Logement social à Ottawa*
CATHERINE BOUCHER
Coordonnatrice exécutive, Centretown Citizens Ottawa Corporation
Le logement social au Canada et en Ontario
Les logements abordables destinés aux ménages
à revenu faible ou modeste sont surtout fournis
par le secteur privé. Les logements sociaux, qui
se caractérisent par des loyers adaptés aux
revenus des locataires, comptent pour environ
15 % de l’ensemble du secteur du logement
social au Canada.
Les logements sociaux ont typiquement été
financés par des programmes mis en œuvre par
les instances gouvernementales supérieures.
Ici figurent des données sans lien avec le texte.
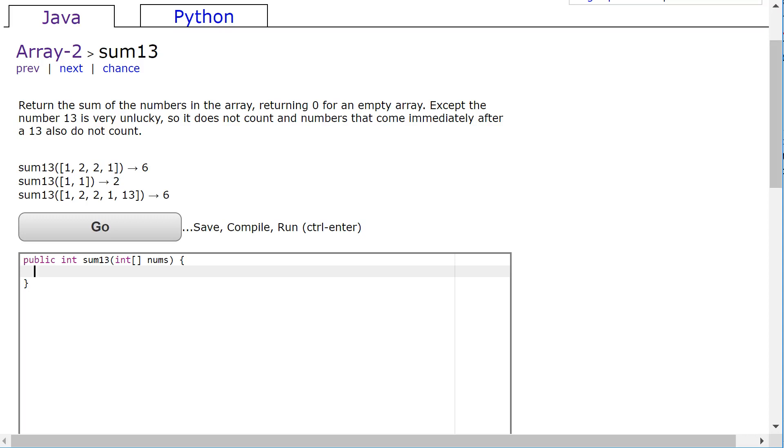Hello, in this video we're going to look at a solution to this arrays2 problem from CodingBat called SUM13.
Jusqu’au milieu des années 1980, par l’entremise
de la Société canadienne d’hypothèques et de
logement (SCHL), le gouvernement fédéral
accordait des subventions aux provinces, à des
sociétés sans but lucratif, ou à des coopératives
communautaires afin de financer le logement. Le
tout premier programme fédéral de ce type était
axé sur le logement public. Les provinces, qui
possédaient et géraient alors d’importants
lotissements consacrés au logement, étaient
responsables de son administration. Au milieu
des années 1970, le secteur communautaire a
commencé à prendre la relève. En règle générale,
les lotissements étaient désormais beaucoup plus
petits. De plus, les programmes comportaient un
volet financier en vertu duquel les loyers de
certaines unités variaient selon le revenu des
ménages, alors que les autres atteignaient des
niveaux comparables à ceux du marché privé.
Au milieu des années 1980, dans le cadre
d’un programme constitutionnel plus vaste, le
gouvernement fédéral a accepté de faire du
logement un domaine de compétence provinciale.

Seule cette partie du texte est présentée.